The photo on the left was the first day I began squat everyday. My original plan was to squat for a 100 days. Once I reached 100 I was like why stop there. The photo on the right was day 365. Now during this I changed my diet and began intermittent fasting. Squats became my warm up before every training session. I loved how I felt. I would mix it up between front squats, wide, box, narrow etc. I only made it to 452 days due to ending up in the hospital, not because of lifting, but it was the first time my blood clot from cancer made an appearance. I will discuss more on clot in a later post.

Through cancer I have been trying to gain some control back in my life. It was time to reach my goal of 500 days of squats. Join me, follow me, it will if anything be an adventure.

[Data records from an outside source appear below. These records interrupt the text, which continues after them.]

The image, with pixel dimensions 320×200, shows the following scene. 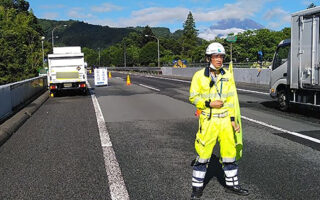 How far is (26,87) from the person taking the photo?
15445 mm

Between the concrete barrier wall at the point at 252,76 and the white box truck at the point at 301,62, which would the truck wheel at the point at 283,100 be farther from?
the concrete barrier wall at the point at 252,76

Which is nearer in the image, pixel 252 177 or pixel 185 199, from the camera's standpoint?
pixel 185 199

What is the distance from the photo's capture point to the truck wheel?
11.7 meters

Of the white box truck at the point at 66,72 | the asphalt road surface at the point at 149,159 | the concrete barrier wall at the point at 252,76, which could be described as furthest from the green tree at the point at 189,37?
the asphalt road surface at the point at 149,159

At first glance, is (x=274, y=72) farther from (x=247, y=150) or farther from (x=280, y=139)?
(x=247, y=150)

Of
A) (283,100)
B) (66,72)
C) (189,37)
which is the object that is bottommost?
(283,100)

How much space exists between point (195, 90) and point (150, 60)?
122 m

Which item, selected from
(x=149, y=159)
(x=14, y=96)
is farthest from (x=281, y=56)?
(x=14, y=96)

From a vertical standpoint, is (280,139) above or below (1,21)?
below

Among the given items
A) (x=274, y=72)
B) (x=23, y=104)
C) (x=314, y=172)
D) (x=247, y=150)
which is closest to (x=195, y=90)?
(x=314, y=172)

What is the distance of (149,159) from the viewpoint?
6.05 meters

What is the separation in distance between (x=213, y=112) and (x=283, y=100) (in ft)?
28.0

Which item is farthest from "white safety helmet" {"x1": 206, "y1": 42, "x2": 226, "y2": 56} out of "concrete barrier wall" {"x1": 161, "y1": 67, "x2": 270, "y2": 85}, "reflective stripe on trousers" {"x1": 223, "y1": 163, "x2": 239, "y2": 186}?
"concrete barrier wall" {"x1": 161, "y1": 67, "x2": 270, "y2": 85}

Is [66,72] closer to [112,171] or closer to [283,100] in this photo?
[283,100]
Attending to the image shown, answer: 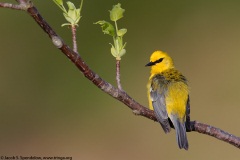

I will be posting updates here, on my Instagram @krissirae3 and on my twitter @krissirae333

The Fight Begins

I’m going to be taking you through my fight. We will be starting from the beginning. Everyone’s experience is different. I hope my experiences help women who are going through this or about to go through this or perhaps you know someone who is going through this and want to know more so you can help them. Since my initial diagnosis I knew I wanted to be able to help other women get through the toughest battle of all. I will talk about what treatment is like, surgery, how my body has changed, energy levels. It won’t be just limited to treatment, I will be discussing my diet choices, getting back to lifting, and my transformation both mentally and physically. It isn’t all sunshine and rainbows, however, it isn’t all dark and stormy either.

I now see the world from a different point of view. My outlook on life has changed and I’m glad it has. I’m grateful for every day!

Thanks for joining me in my battle for my life!